Most of all, Inside Out is an unlikely coming-of-age tale — not just for Riley herself, but for the emotions inside her. Our heroes weren't dropped into this girl's mind from the skies; they grew inside her, and to some extent they themselves are discovering the nuances and intricacies of this world as they go. That's a subtle but brilliant move: The complexity of Riley's mindspace can be bewildering, but directors Pete Docter (Up, Monsters Inc.) and Ronnie del Carmen and their team depict it in intuitive matter-of-fact fashion. They know we're not going to absorb it all in one go, so they let the complexity be part of the joke. The human brain, we understand, is a complicated place, and each new fold reveals new depths.

The power of Inside Out comes not from the derring-do of its setpieces (which are just rollercoaster-y enough to be engaging without being annoying) or the sharpness of its wit — unlike, say, Finding Nemo, it's not particularly funny.
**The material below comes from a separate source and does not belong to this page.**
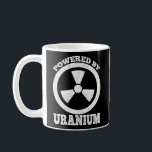 Powered By Uranium Nuclear Engineer Coffee Mug<br><div class="desc">Proudly showcasing the expertise of a dedicated engineer harnessing the power of Uranium,  this design captivates the essence of innovation and limitless possibilities.</div>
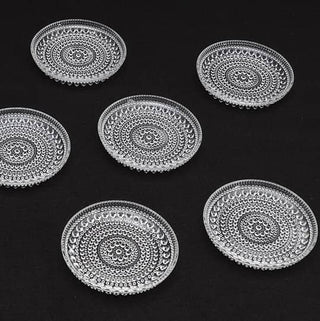 Kastehelmi Glass Dewdrop Coasters Set of 6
Rather, it comes from its ability to take processes and human passages we're all intimately familiar with — the way a happy memory can lead to profound melancholy, or the way a sad one can do the reverse — and turn them into the stuff of drama. That the drama comes via little imaginary animated creatures somehow adds to the pathos. Let Inside Out in, and it will wipe the floor with you.